Its hooves crashed into the floor, shaking Javan as he scrambled back. The ax hadn’t nicked the artery, and until he did that, the creature was just going to keep coming until it killed him. Rolling quickly to the left, Javan readied the other ax and gauged his move. The rencapal reared, screaming in fury, and when its hooves hit the floor again, Javan was already running.

Grabbing the mane, he swung himself onto the creature’s back, its shadowy skin as slippery as the wind. Tangling his fingers in its mane, he leaned down and slashed the artery in the creature’s neck.
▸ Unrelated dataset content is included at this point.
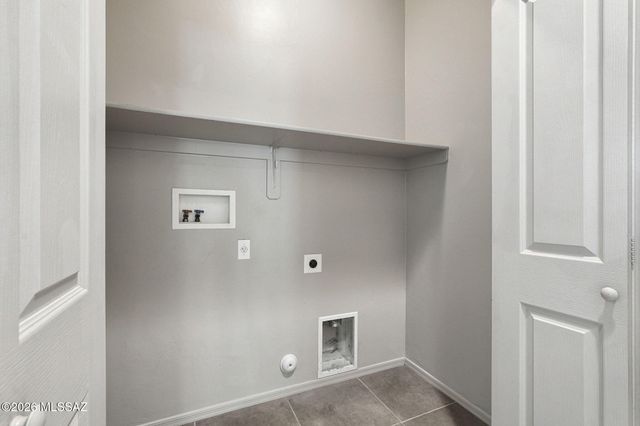 8753 N Mugho Pine Trail, Tucson, AZ 85743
Then, leaping clear, he turned to find Hashim, bleeding and breathing heavily, crawling out from under the lion’s corpse.

That left the spider.

Javan whirled to face the wall where the spider had been, but she was gone. In her place was the thick, glistening edge of a web anchored to the wall before spreading up into the empty space overhead.

A rapid clicking sound reverberated through the arena, directly above Javan’s head. He looked up just as the spider dropped, wrapped her bony legs around him, and pulled him high into the air.